(Exercise data Opens)
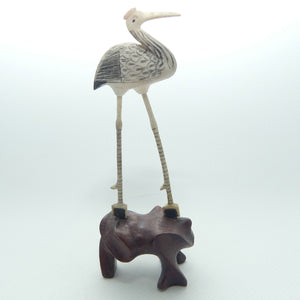 Mid 20th Century Ivory and Bone Carved Crane | Wooden Base 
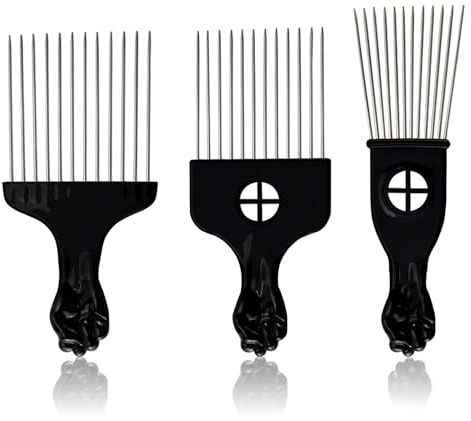 TRKETK 3 Pièces Peigne Afro en Métal, Peignes à Cheveux en Métal Peigne à Cheveux à Dents Larges Peigne Afro Pick Ensemble Outil de Coiffure Professionnel pour Femmes Et Hommes (Noir)
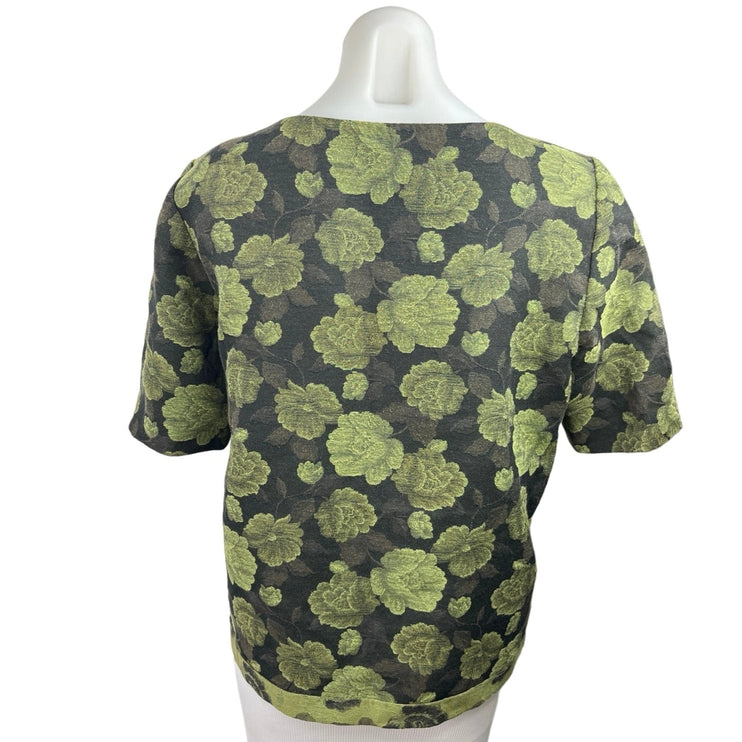 Vintage Yargici Black Green Floral Square Neck Short Sleeve Blouse Top Size L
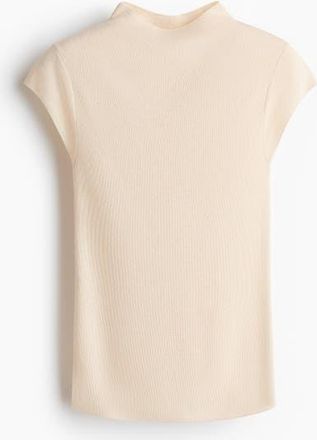 H&M Fine-knit Turtleneck Top in Light Beige at Nordstrom, Size Xx-Small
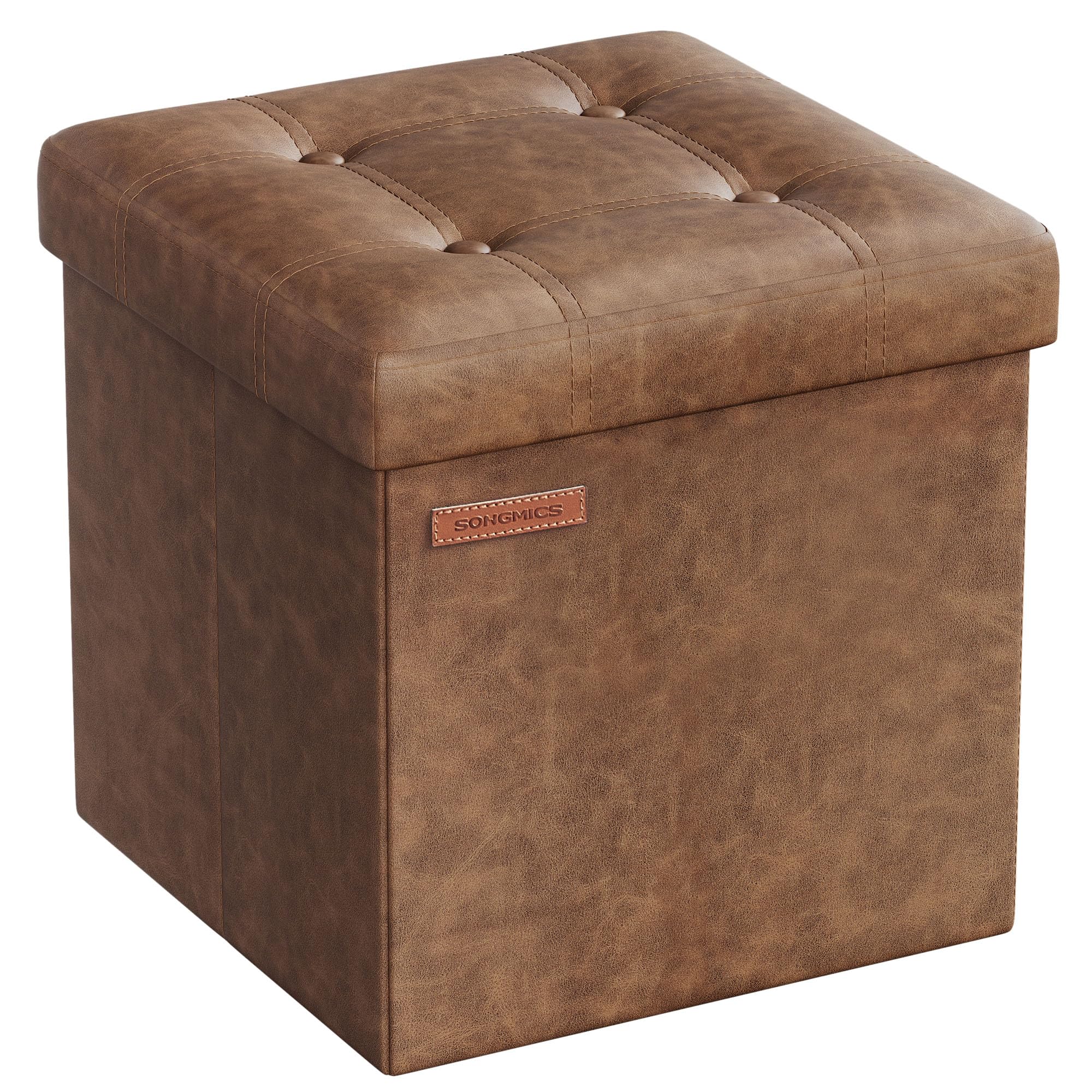 SONGMICS MAZIE Collection - Storage Ottoman, 38 cm Folding Foot Rest Stool, Ottoman Storage Box, Easy Assembly, for Living Room, Bedroom, Entryway, Coffee Brown LSF030K51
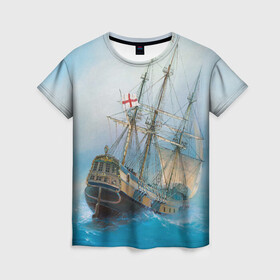 Женская футболка 3D с принтом The Sea Devil в Петрозаводске, 100% полиэфир ( синтетическое хлопкоподобное полотно) | прямой крой, круглый вырез горловины, длина до линии бедер | ocean | sea | ship | summer | волны | океан | парусник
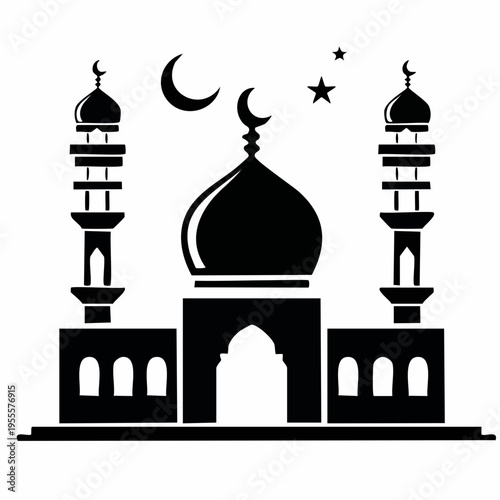 A black and white illustration of a mosque with minarets and a crescent moon and stars in the sky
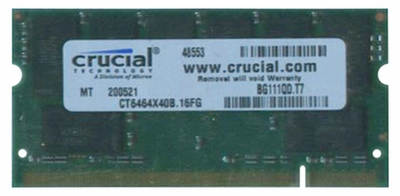 CT6464X40B Crucial 512MB PC3200 DDR-400MHz non-ECC Unbuffered CL3 200-Pin SoDimm Memory Module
(Exercise data Closes)
▶ _Task directions_:
What you return must match the lines above from the one with "TRKETK 3 Pièces" through the one with "Женская футболка 3D" exactly, with both ends included and the pictures excluded.

▶ _Response box_:
 TRKETK 3 Pièces Peigne Afro en Métal, Peignes à Cheveux en Métal Peigne à Cheveux à Dents Larges Peigne Afro Pick Ensemble Outil de Coiffure Professionnel pour Femmes Et Hommes (Noir)
 Vintage Yargici Black Green Floral Square Neck Short Sleeve Blouse Top Size L
 H&M Fine-knit Turtleneck Top in Light Beige at Nordstrom, Size Xx-Small
 SONGMICS MAZIE Collection - Storage Ottoman, 38 cm Folding Foot Rest Stool, Ottoman Storage Box, Easy Assembly, for Living Room, Bedroom, Entryway, Coffee Brown LSF030K51
 Женская футболка 3D с принтом The Sea Devil в Петрозаводске, 100% полиэфир ( синтетическое хлопкоподобное полотно) | прямой крой, круглый вырез горловины, длина до линии бедер | ocean | sea | ship | summer | волны | океан | парусник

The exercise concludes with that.